The editorial doesn't appear to be online, except in a scanned version from the group The Truth About Guns. The author, Dick Metcalf, explores the language of the Second Amendment — "A well-regulated militia being necessary to the security of a free state, the right of the people to keep and bear arms shall not be infringed" — in his argument that some limits can and should be applied to owning guns. The limit he advocates is perhaps the most demure imaginable: mandatory training for gun ownership. Other amendments have restrictions, he notes — the ability to yell "Fire!" in a crowded theater, prohibitions against human sacrifice in religious worship.
Dick, your a dick and dumbass. Guns and Ammo Editor Supports Gun Control in Editorial Feature for December Issue – http://t.co/1552mIi21Q
— Matt Burkett (@burkettvideo) November 7, 2013
But it didn't go over well. Readers flooded unrelated Facebook stories, and a search on Twitter for Metcalf's name shows a number of angry response like the one at right. At the conservative blog Breitbart, which helped whip the issue into a lather, the editorial is described as "missing the point," since owning a gun, unlike driving a car, is a "natural right." "oldwhiteguy" comments on that article: "everything I have read today shows that the country and the freedom it used to stand for is gone."

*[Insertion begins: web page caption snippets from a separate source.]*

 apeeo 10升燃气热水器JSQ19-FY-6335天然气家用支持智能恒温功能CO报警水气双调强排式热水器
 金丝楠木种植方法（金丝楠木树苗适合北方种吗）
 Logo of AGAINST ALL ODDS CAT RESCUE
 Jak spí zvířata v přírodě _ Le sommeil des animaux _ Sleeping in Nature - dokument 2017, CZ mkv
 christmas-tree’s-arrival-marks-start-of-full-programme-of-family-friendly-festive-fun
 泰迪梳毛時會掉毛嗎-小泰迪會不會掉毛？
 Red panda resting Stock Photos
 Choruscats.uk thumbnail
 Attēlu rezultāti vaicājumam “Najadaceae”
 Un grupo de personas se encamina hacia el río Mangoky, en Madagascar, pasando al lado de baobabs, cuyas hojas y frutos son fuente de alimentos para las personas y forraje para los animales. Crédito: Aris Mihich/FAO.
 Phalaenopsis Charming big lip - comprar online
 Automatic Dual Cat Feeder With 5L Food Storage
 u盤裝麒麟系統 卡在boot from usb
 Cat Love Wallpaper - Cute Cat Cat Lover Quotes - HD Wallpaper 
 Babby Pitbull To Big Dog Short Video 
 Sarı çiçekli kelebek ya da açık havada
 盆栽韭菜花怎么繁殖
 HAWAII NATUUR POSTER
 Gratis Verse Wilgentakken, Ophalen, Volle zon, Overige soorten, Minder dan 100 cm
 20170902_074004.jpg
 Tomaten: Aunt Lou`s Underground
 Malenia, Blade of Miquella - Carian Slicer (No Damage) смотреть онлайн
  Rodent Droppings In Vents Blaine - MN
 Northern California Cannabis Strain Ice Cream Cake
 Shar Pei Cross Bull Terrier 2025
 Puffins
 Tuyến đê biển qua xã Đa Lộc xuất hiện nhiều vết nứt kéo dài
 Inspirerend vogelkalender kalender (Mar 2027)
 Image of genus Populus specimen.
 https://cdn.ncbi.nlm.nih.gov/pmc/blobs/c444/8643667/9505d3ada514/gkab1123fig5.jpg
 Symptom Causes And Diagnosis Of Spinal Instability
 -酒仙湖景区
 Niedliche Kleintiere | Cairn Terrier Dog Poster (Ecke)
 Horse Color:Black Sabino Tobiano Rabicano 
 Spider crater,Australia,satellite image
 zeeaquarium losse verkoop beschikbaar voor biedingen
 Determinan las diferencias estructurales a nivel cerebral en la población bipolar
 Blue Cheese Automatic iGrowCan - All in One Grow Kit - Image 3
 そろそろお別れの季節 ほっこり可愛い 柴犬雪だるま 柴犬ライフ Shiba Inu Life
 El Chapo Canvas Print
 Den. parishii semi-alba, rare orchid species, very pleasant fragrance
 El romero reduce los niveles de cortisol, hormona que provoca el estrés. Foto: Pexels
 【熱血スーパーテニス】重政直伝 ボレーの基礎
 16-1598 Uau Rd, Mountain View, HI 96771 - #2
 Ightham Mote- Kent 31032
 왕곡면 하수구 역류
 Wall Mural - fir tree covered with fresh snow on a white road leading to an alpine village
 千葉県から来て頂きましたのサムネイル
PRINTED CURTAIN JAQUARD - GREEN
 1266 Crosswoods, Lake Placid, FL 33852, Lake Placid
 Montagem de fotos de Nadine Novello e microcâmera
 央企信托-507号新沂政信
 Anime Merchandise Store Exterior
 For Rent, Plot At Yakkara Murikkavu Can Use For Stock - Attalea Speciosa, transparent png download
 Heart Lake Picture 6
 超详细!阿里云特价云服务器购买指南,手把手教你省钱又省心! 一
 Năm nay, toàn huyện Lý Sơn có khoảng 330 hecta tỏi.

In its walkback, Guns & Ammo editor Jim Bequette, who moved up his transition out of his position, offers his abject apology. "In publishing Metcalf’s column," Bequette says he was untrue" to the magazine's tradition of advocacy for gun rights. "[A]nd for that I apologize. His views do not represent mine — nor, most important, Guns & Ammo’s. It is very clear to me that they don’t reflect the views of our readership either."